The result should be the lines from the one that contains "Breathable Comfortable Man" to the final line of the entries below, copied exactly and with no pictures.

/---

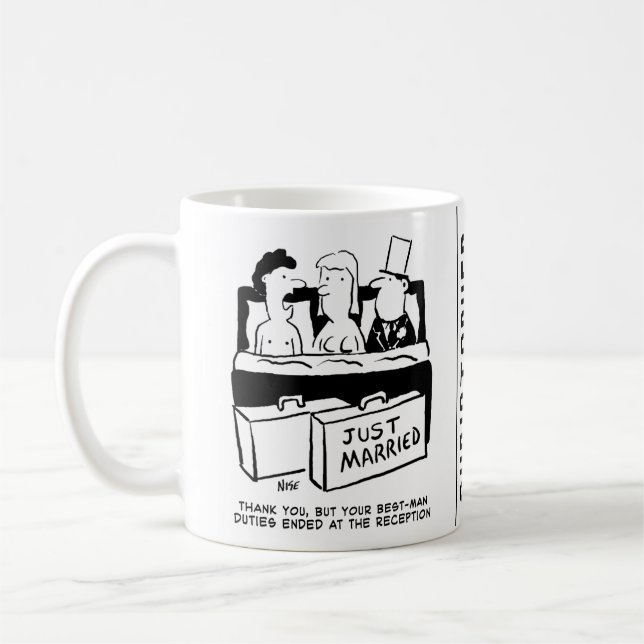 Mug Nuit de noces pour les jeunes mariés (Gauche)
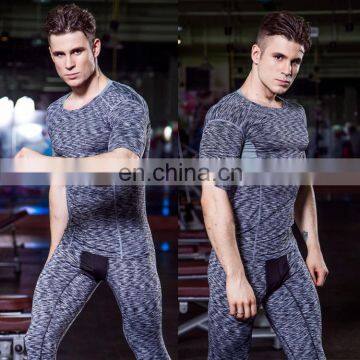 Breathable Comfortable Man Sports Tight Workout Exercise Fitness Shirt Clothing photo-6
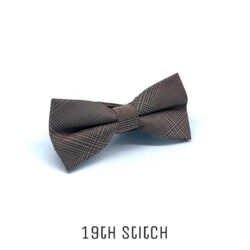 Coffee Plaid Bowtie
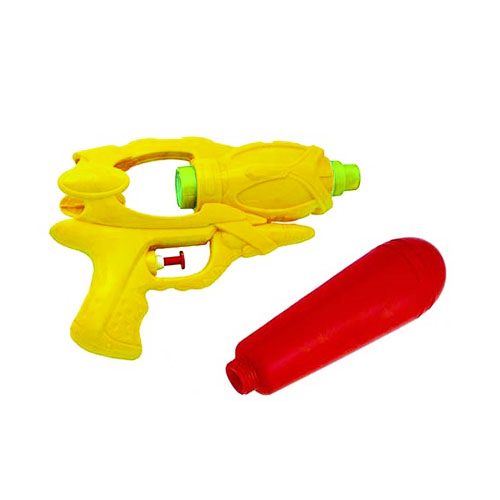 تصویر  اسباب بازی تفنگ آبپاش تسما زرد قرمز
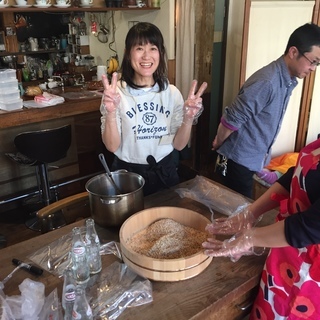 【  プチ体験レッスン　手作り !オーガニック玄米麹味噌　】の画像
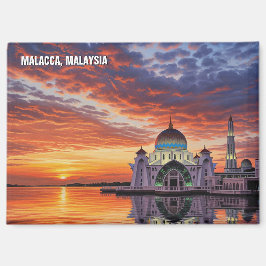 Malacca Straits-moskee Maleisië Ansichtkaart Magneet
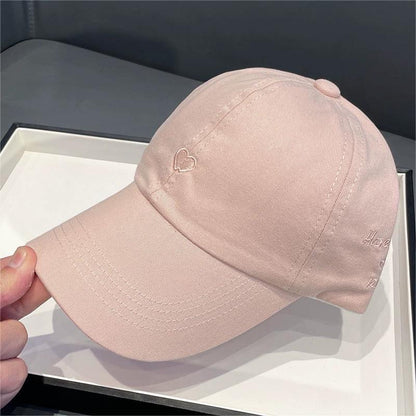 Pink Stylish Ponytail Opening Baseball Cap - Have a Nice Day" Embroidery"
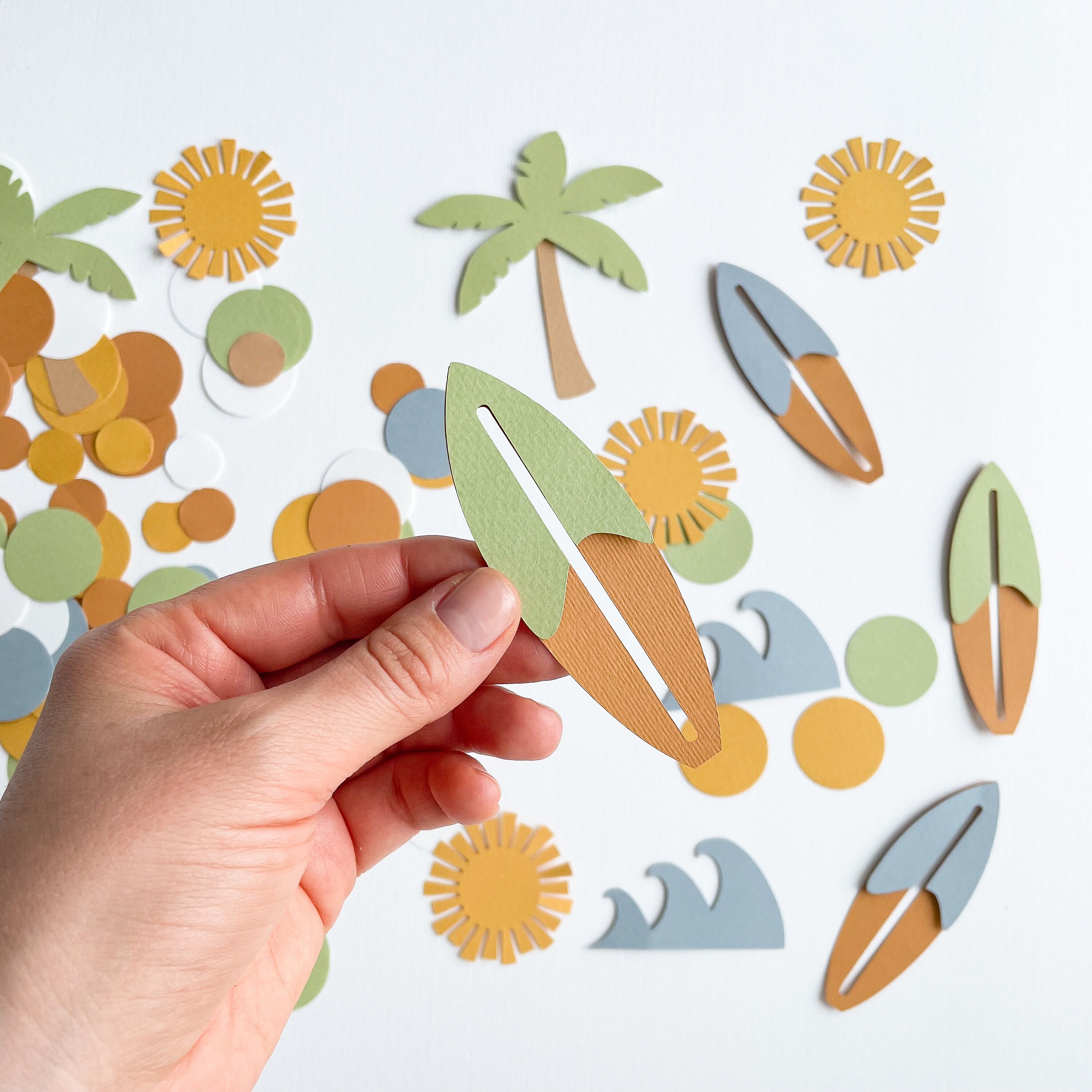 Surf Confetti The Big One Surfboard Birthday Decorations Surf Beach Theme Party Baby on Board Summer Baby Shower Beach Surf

\---

SOLUTION.
 Breathable Comfortable Man Sports Tight Workout Exercise Fitness Shirt Clothing photo-6
 Coffee Plaid Bowtie
 تصویر  اسباب بازی تفنگ آبپاش تسما زرد قرمز
 【  プチ体験レッスン　手作り !オーガニック玄米麹味噌　】の画像
 Malacca Straits-moskee Maleisië Ansichtkaart Magneet
 Pink Stylish Ponytail Opening Baseball Cap - Have a Nice Day" Embroidery"
 Surf Confetti The Big One Surfboard Birthday Decorations Surf Beach Theme Party Baby on Board Summer Baby Shower Beach Surf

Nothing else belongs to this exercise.